次に、図面を参照して本発明の実施の形態を説明する。図1は、本発明の一実施形態に係る自律走行システム99に備えられるロボットトラクタ1の全体的な構成を示す側面図である。図2は、ロボットトラクタ1の平面図である。図3は、本発明の一実施形態に係る自律走行システム99に備えられる無線通信端末46を示す図である。図4は、ロボットトラクタ1及び無線通信端末46の制御系の主要な構成を示すブロック図である。

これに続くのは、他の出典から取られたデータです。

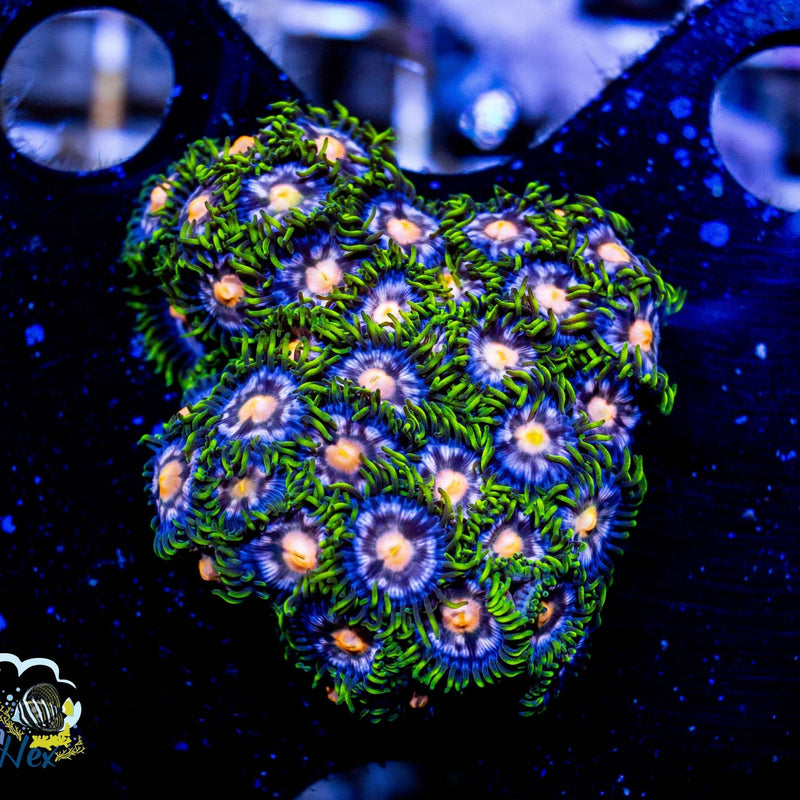 Orange & Green Zoanthid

図1に示すように、本発明の実施の一形態に係る自律走行システム99に備えられるロボットトラクタ(作業車両)1は、無線通信端末46との間で無線通信を行うことにより操作される作業車両である。ユーザが無線通信端末46を操作して、当該トラクタ1の制御部4との間で信号のやり取りを適宜行うことにより、トラクタ1を自律走行・自律作業させることができる。
初めに、本発明の実施の一形態に係る自律走行システム99に備えられるロボットトラクタ(以下、単に「トラクタ」と称する場合がある。)1について、主として図1及び図2を参照して説明する。
トラクタ1は、圃場(走行領域)内を自律走行することが可能な走行機体(車体部)2を備える。走行機体2には、図1及び図2に示す作業機3が着脱可能に取り付けられている。この作業機3としては、例えば、耕耘機、プラウ、施肥機、草刈機、播種機等の種々の作業機があり、これらの中から必要に応じて所望の作業機3を選択して走行機体2に装着することができる。走行機体2は、装着された作業機3の高さ及び姿勢を変更可能に構成されている。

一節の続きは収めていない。